The answer should hold only the lines from the one that contains "Three ceramic beer cans on a windowsill" through the last line of the material, repeated exactly, without pictures.

(Beginning of SUPPLIED ENTRIES)

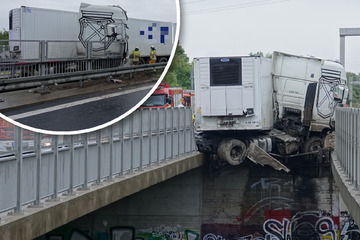 Unfall A17: Kirsch-Lkw rast gegen Brücke und bleibt meterhoch über dem Abgrund hängen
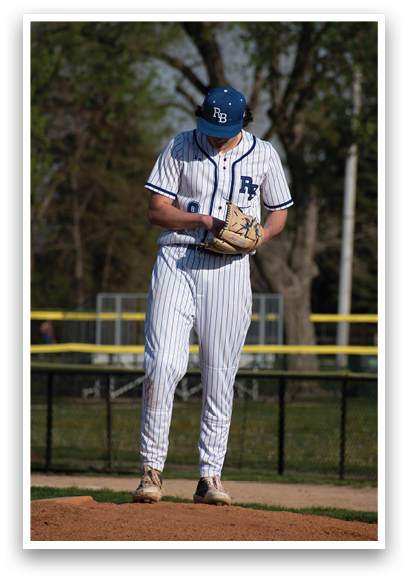 A baseball player wearing a blue and white uniform. Description generated by AI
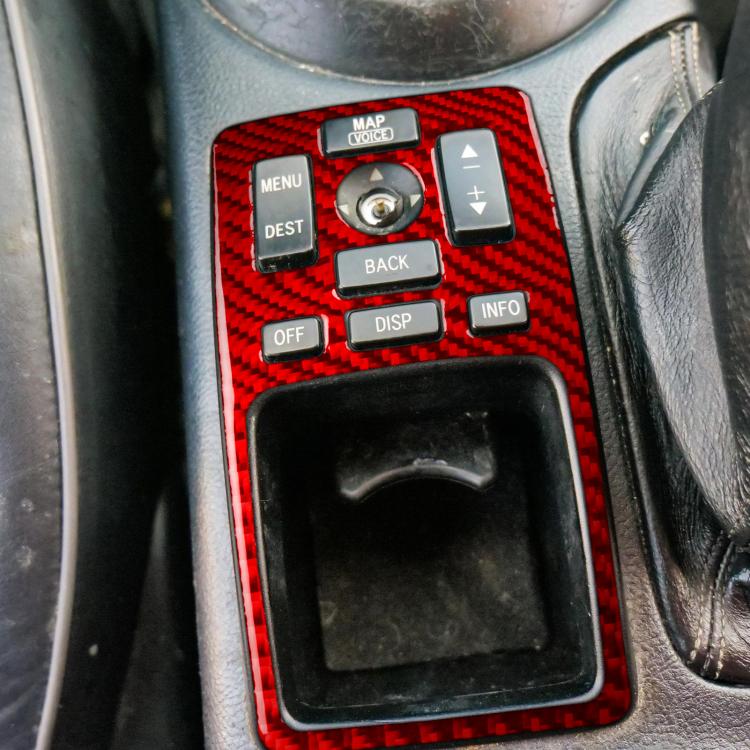 Center console panel sticker applied, red carbon fiber-style around buttons and display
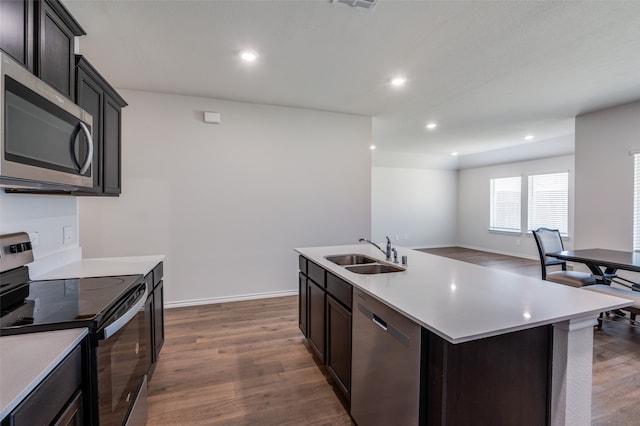 kitchen featuring sink, dark brown cabinets, dark hardwood / wood-style flooring, stainless steel appliances, and a center island with sink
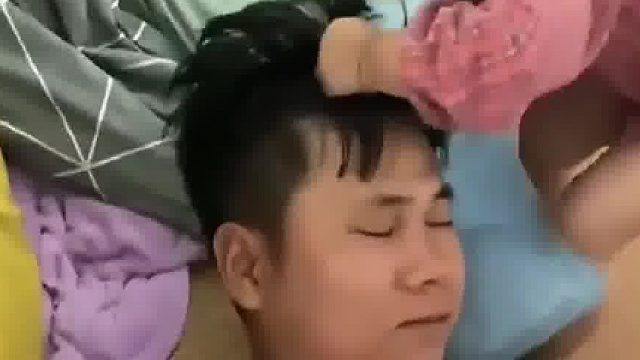 爸爸在床上睡觉，小女孩贴心给爸爸垫枕头，知道疼爸爸但不知道爸爸疼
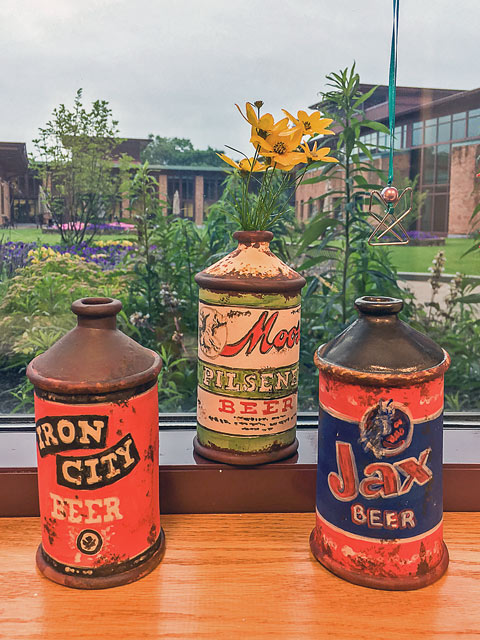 Three ceramic beer cans on a windowsill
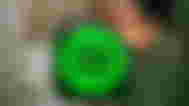 a green spotify icon with a crown on top of it .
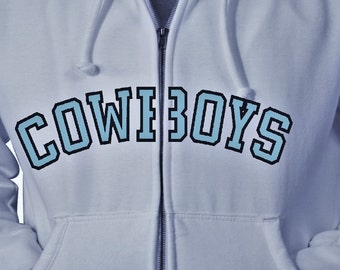 May include: A light blue zip-up hoodie with the word "COWBOYS" printed in a blue and black font.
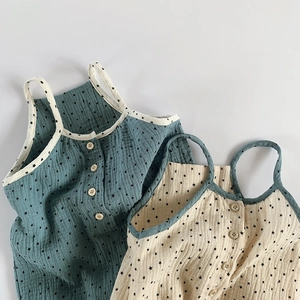 Infant girl floral cotton camisole bodysuit with star print and wooden buttons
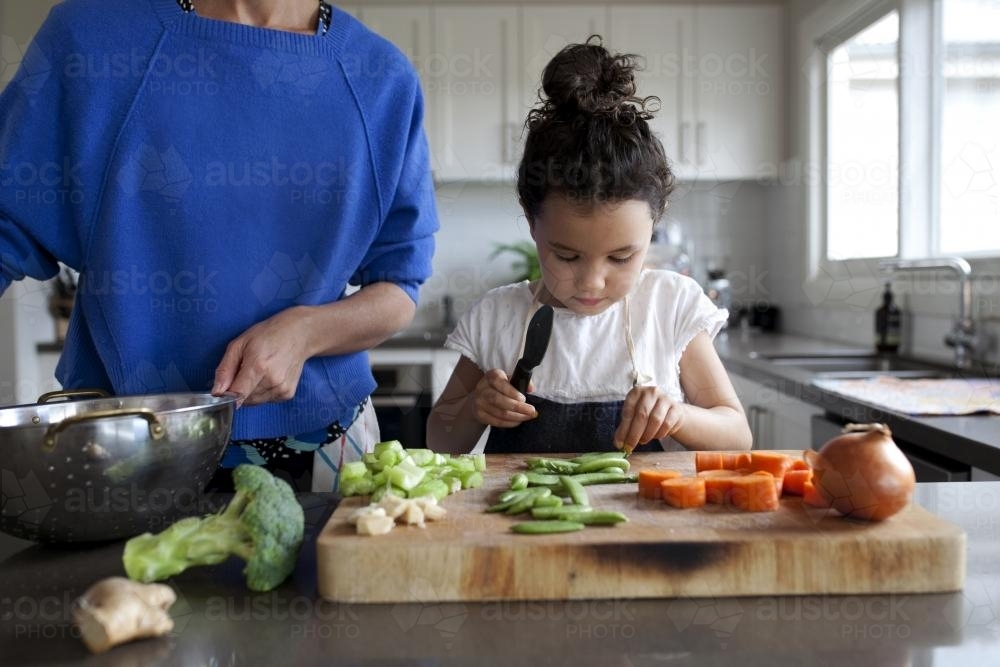 Young girl helping chop vegetables - Australian Stock Image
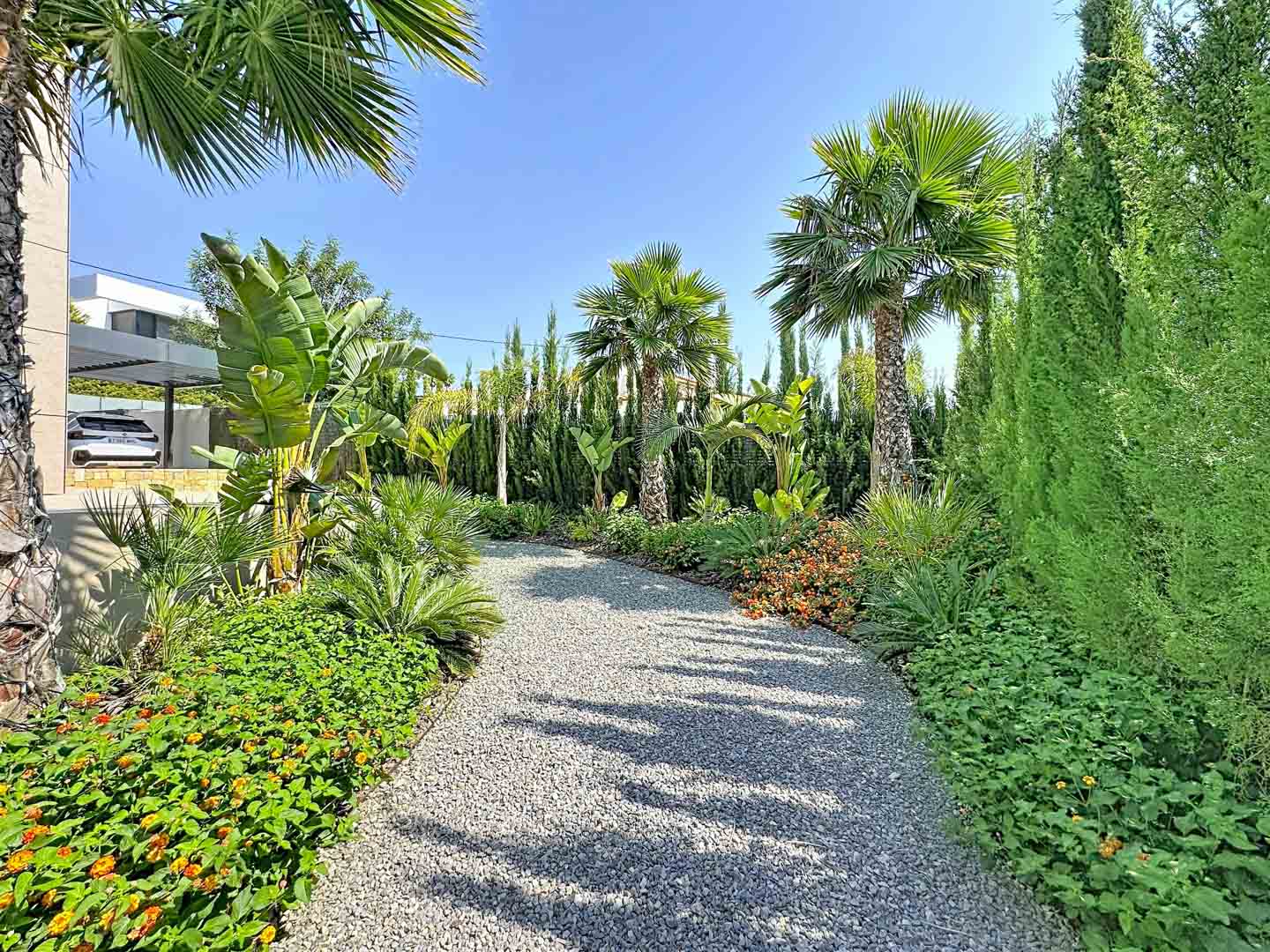 Un sendero serpenteante de grava atraviesa exuberantes jardines tropicales con palmeras variadas, colorida flora y setos de cipreses, hacia la moderna villa y su marquesina.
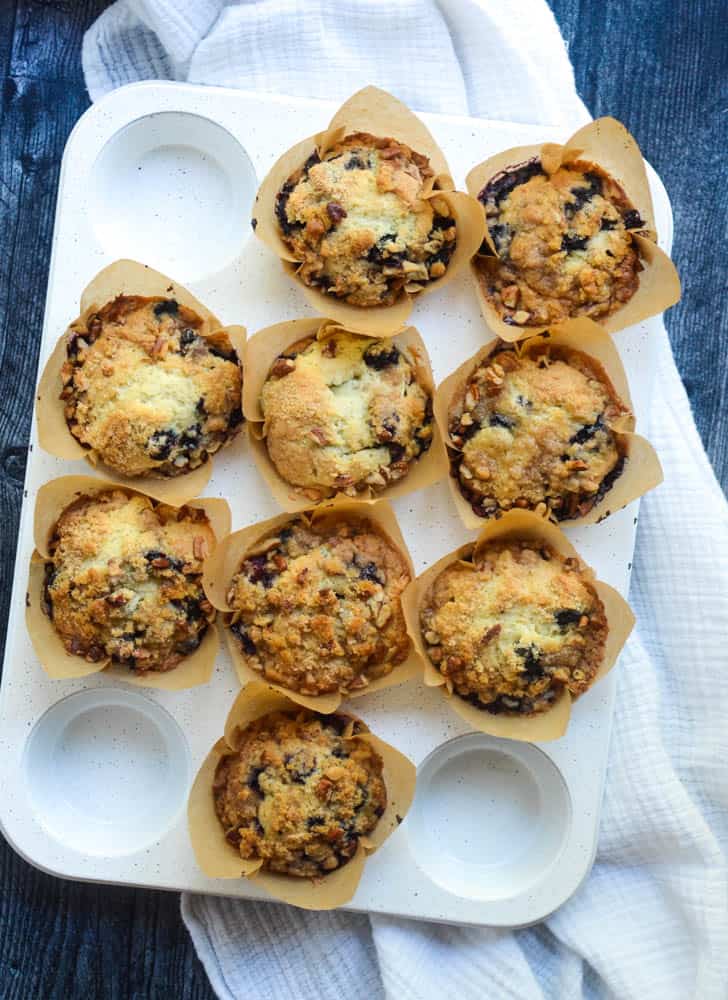 9 blueberry muffins sitting in white muffin tin on dark wood background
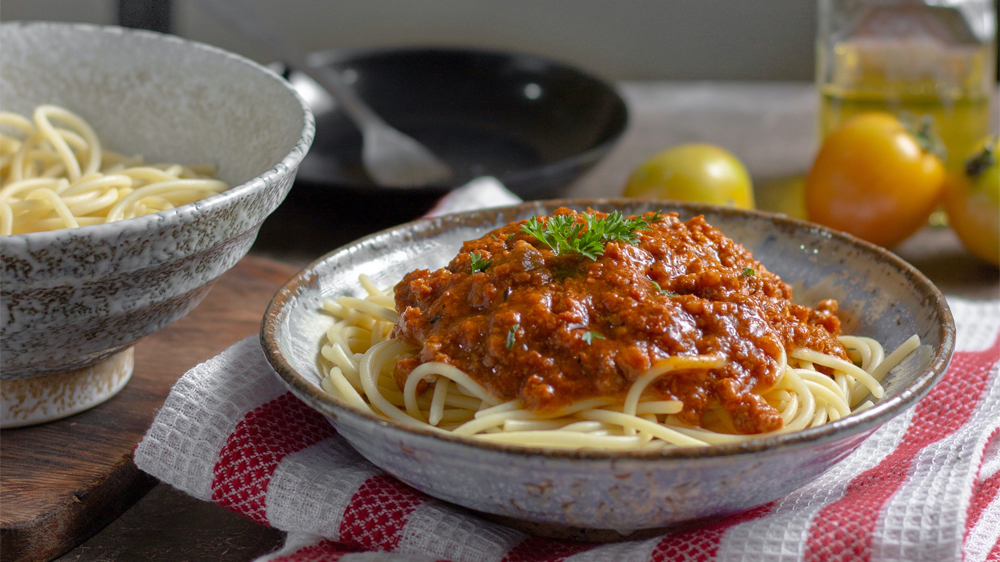 Linguine pasta with red meat sauce and parsley in a ceramic bowl on top of a wood table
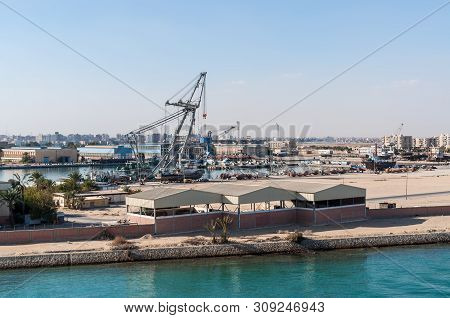 Suez, Egypt - November 5, 2017: Industrial Port Infrastructure Objects On The Shore Of Suez Canal In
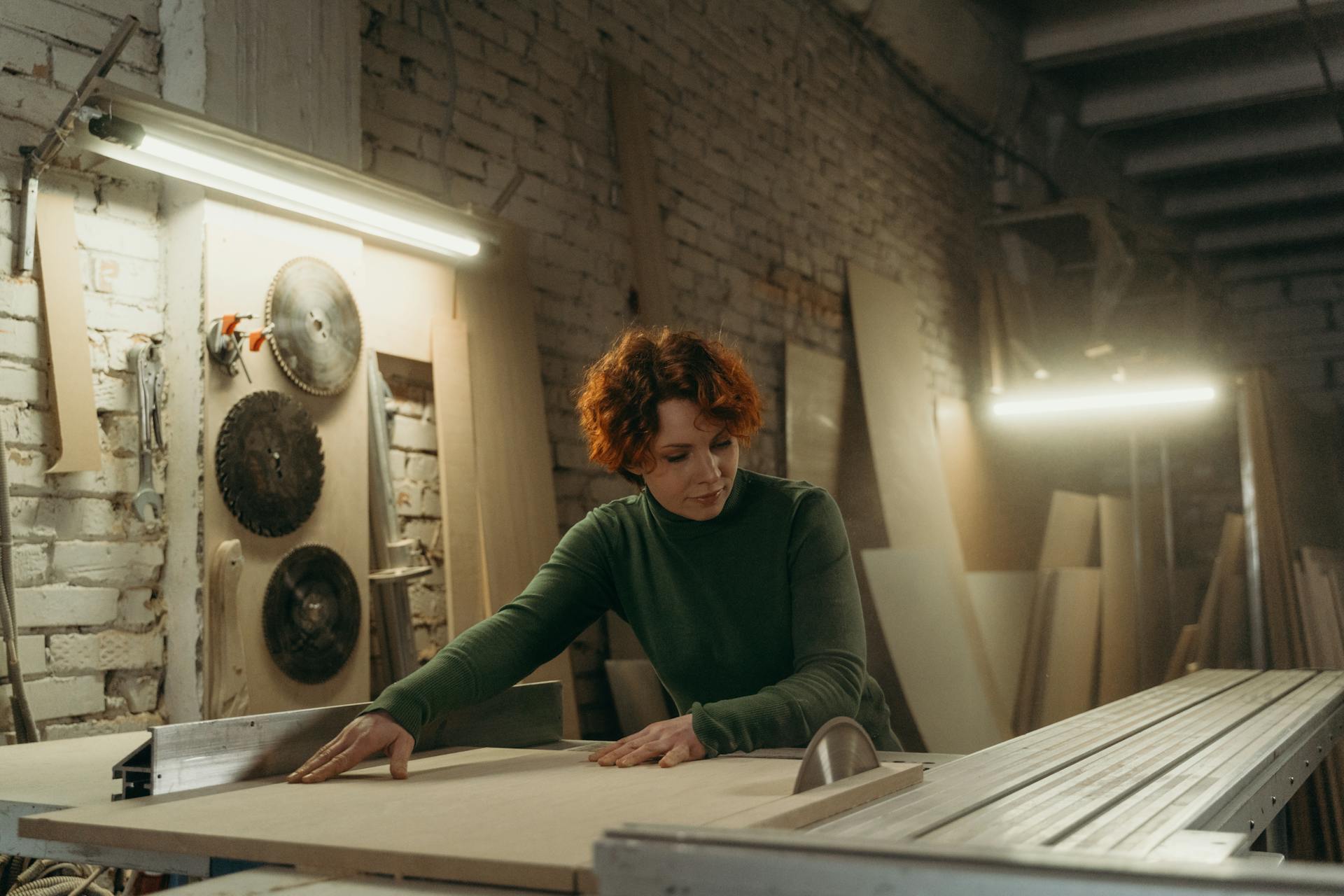 A woman sawing wood | Source: Pexels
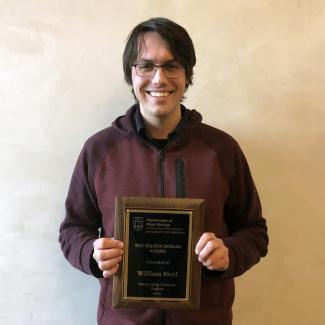 Bill Ricci posing with Wilbur Duncan Award plaque - 2019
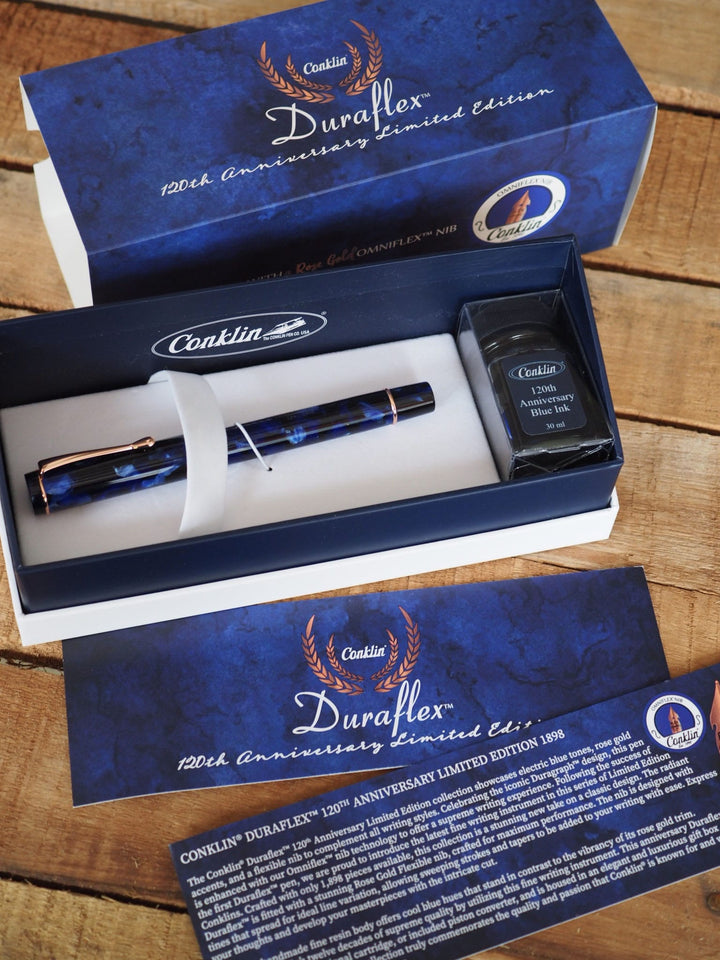 Conklin Duraflex 120th Anniversary Fountain Pen (Rose Gold Flex Nib) — flat lay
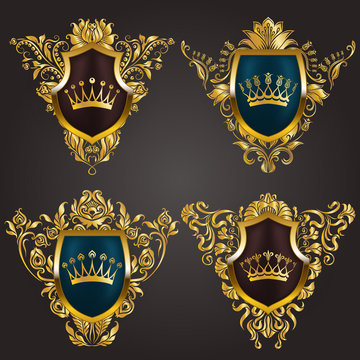 Set of golden royal shields with filigree floral elements for page, web design. Old frames, borders, crowns in vintage style for label, emblem, badge, logo, monograms. Vector illustration EPS10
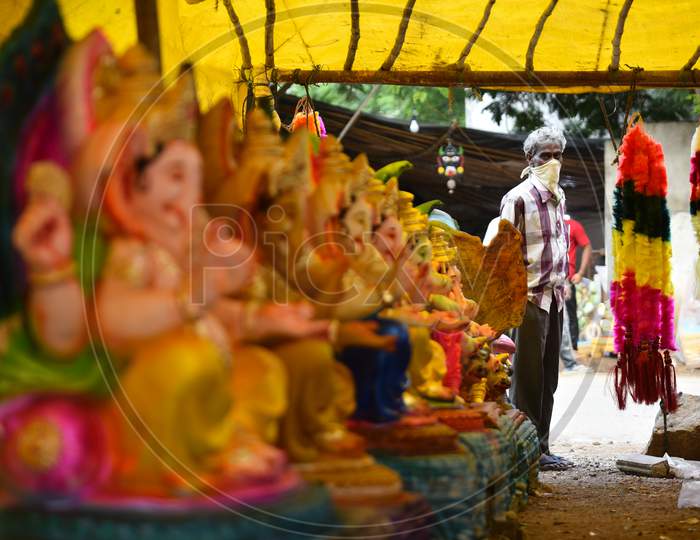 A seller waits for customers of Idols ahead of Ganesh chaturthi in hyderabad, august 21, 2020.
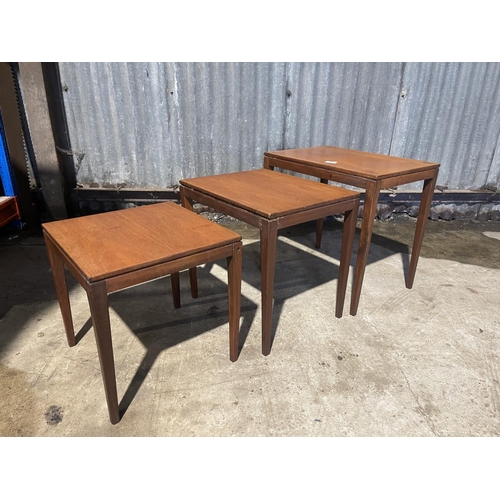 61 - A mid century teak nest of three tables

(End of SUPPLIED ENTRIES)

TASK ANSWER:
 Three ceramic beer cans on a windowsill
 a green spotify icon with a crown on top of it .
 May include: A light blue zip-up hoodie with the word "COWBOYS" printed in a blue and black font.
 Infant girl floral cotton camisole bodysuit with star print and wooden buttons
 Young girl helping chop vegetables - Australian Stock Image
 Un sendero serpenteante de grava atraviesa exuberantes jardines tropicales con palmeras variadas, colorida flora y setos de cipreses, hacia la moderna villa y su marquesina.
 9 blueberry muffins sitting in white muffin tin on dark wood background
 Linguine pasta with red meat sauce and parsley in a ceramic bowl on top of a wood table
 Suez, Egypt - November 5, 2017: Industrial Port Infrastructure Objects On The Shore Of Suez Canal In
 A woman sawing wood | Source: Pexels
 Bill Ricci posing with Wilbur Duncan Award plaque - 2019
 Conklin Duraflex 120th Anniversary Fountain Pen (Rose Gold Flex Nib) — flat lay
 Set of golden royal shields with filigree floral elements for page, web design. Old frames, borders, crowns in vintage style for label, emblem, badge, logo, monograms. Vector illustration EPS10
 A seller waits for customers of Idols ahead of Ganesh chaturthi in hyderabad, august 21, 2020.
 61 - A mid century teak nest of three tables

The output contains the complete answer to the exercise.